Kulun, Allahü teâlâya olan tâatini mükemmel bir şekilde yapabilmesi için, dünyâ sevgisinden ve dünyâ ile alâkalı bağlardan kurtulması lâzımdır, insan dünyâdan uzaklaştıkça, Allahü teâlâya yaklaşır. Manevi kirlerden uzaklaşıp, melekût âlemine yükselir. Abdullah bin Mübârek hazretleri buyurdu ki: "Îmânın aslı, Resûlullah efendimizin (sallallahü aleyhi ve sellem) getirmiş olduğu şeylerin hepsini tasdik etmektir. Bunları tasdik eden kimse, bunlarla amel eder. Yani Allahü teâlâya itaat eder. Ebediyyen Cehennemde yanmaktan kurtulur."
Büyük âlimler, Allahü teâlânın nimetlerine üç şeyle kavuşulacağını, bunların; çok şükretmek, tâate yapışmak ve günahlardan sakınmak olduğunu bildirmişlerdir.
Allahü teâlâ, üç şeyi, üç şey içinde gizlemiştir: Rızâsını tâatte, gadabını günahlarda, velileri de kulları arasında gizlemiştir.
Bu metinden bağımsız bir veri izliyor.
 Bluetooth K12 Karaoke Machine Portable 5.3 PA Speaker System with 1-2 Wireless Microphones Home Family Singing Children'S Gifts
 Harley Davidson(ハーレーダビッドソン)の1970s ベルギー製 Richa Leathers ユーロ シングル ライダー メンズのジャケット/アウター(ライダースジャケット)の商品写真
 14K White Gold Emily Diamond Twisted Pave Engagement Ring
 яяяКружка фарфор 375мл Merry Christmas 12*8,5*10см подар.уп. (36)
Bunun için hiçbir tâati basit görme. Olur ki o tâat, Allahü teâlânın rızâsına vesile olan tâattir. Hiçbir günâhı küçük görme. Olur ki, küçük gördüğün o günah, Allahü teâlânın gazabına sebep olabilir. Hiçbir kimseyi de hor görme ki, o kimse de Allahü teâlânın veli kullarından biri olabilir...
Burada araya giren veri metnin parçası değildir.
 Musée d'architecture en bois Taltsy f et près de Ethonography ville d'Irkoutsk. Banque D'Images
İtaat sahibi kimsenin vasıflarından birisi de odur ki, Allahü teâlânın kazasına boyun eğer. Böyle bir kimse, kendisine gelen ve kendisinden ayrılan bir şeyde nefsine pay ayırmaz. Meydana gelen her şeyin, Allahü teâlânın dilemesi ve takdiri ile olduğunu bildiği için gönlü rahattır.
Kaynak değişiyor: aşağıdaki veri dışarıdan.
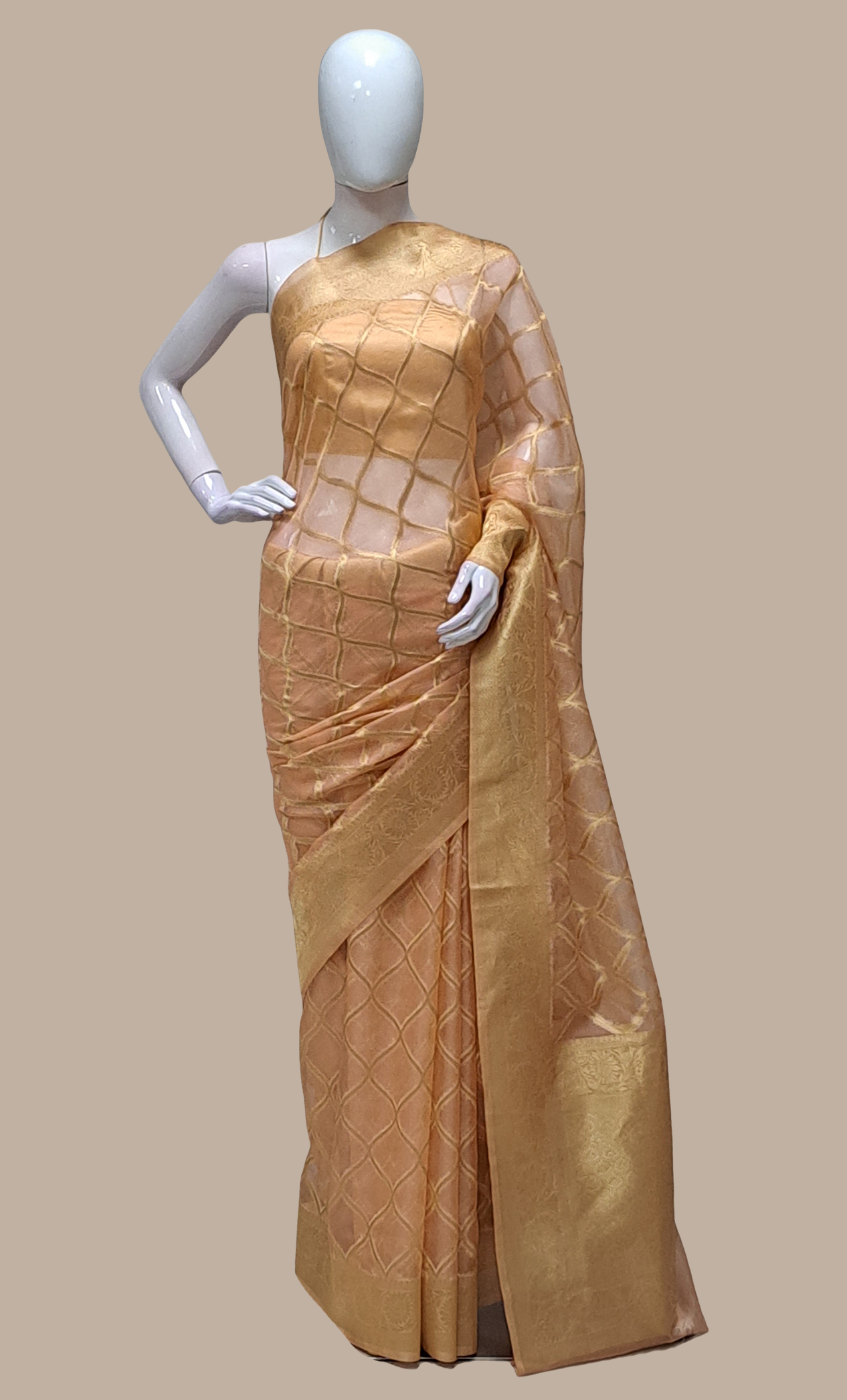 Peach Embroidered Sari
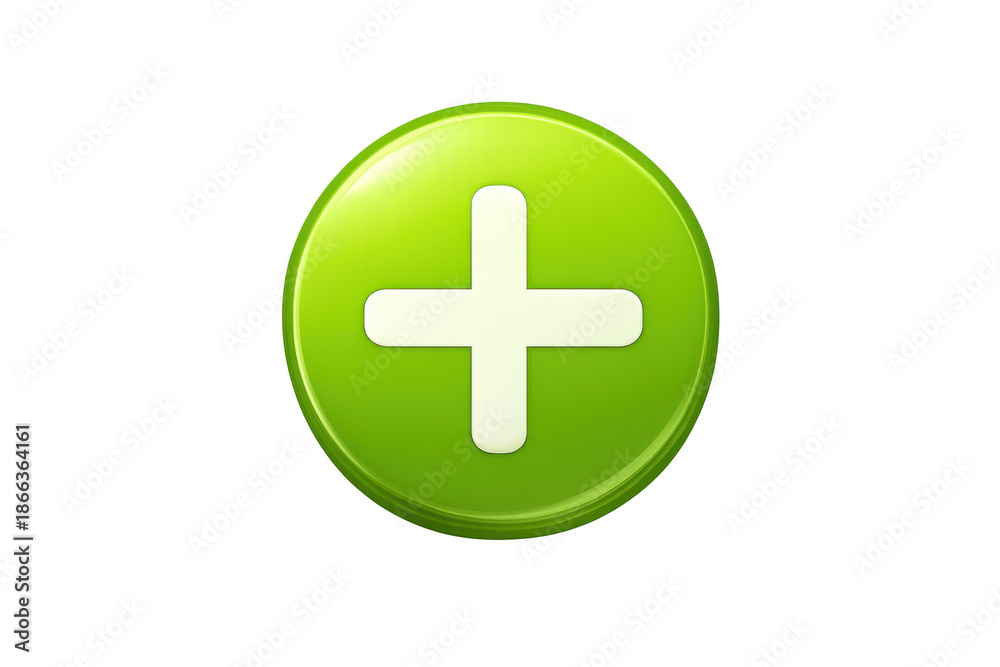 Fototapeta premium Green plus sign button icon for adding, increasing, or positivity on a transparent background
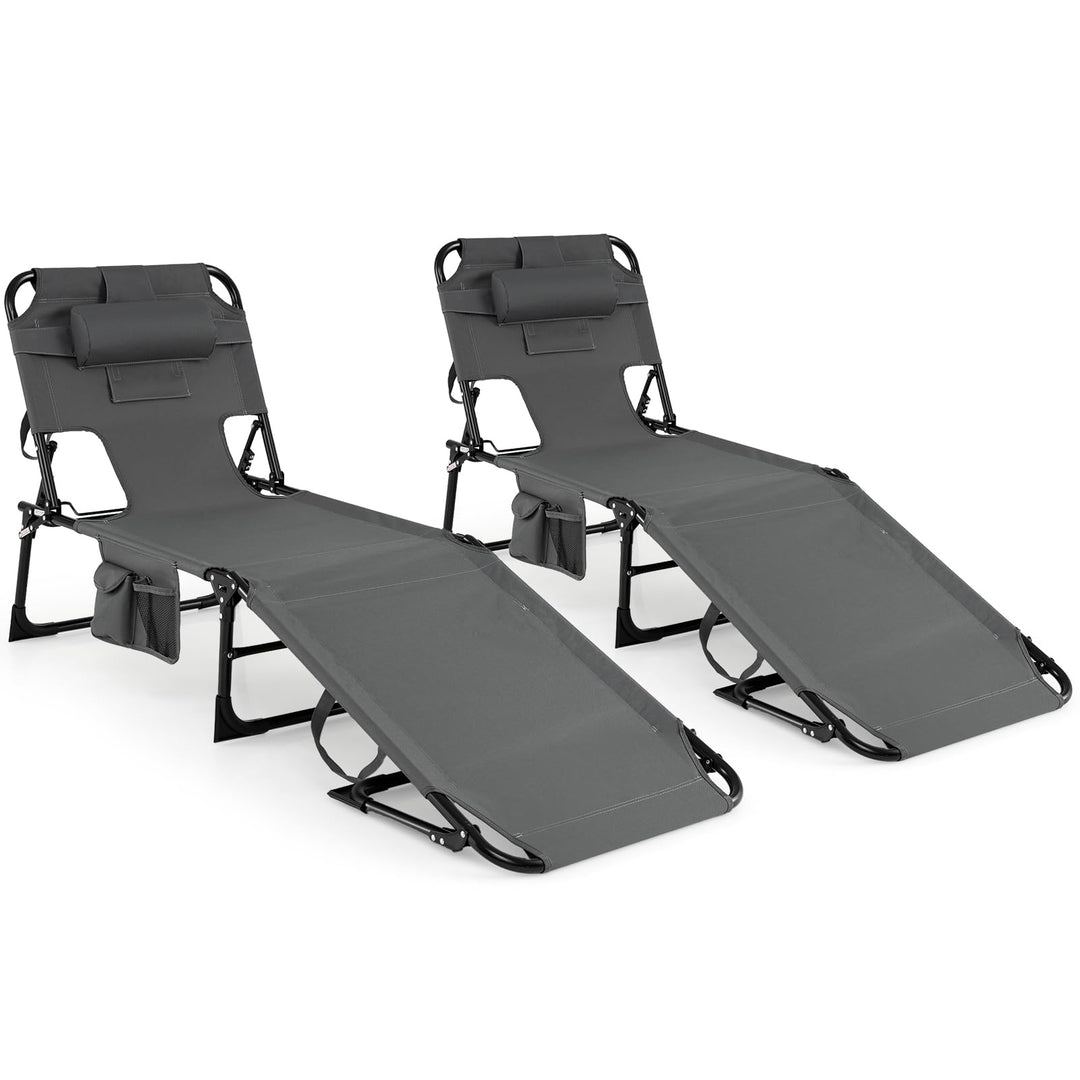 GYMAX Tanning Chair with Face Hole Sun Bathing Lounge Chairs（1/2）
Günahlar, Allahü teâlânın nimetlerinin gidip, azâbının gelmesine sebep olur. Zarar ve pişmanlık getirir, dünyâda insanı utandırır. Âhirette azâba düşmeye sebep olur. Günah işleyenler dâima korku ve gönül rahatsızlığı içindedirler. Emniyet ve rahat içinde olamazlar. Kötülük işleyen kimse, dâima zelildir, aziz olamaz. Dâima kötülenir, sevilmez. Her zaman kötü bir kimse olarak tanınmaktan kurtulamaz. Fudayl bin Iyâd hazretleri; "Allahü teâlâyı tanıdıktan sonra O'na isyanda bulunan kimseye çok hayret ediyorum" buyurmuştur.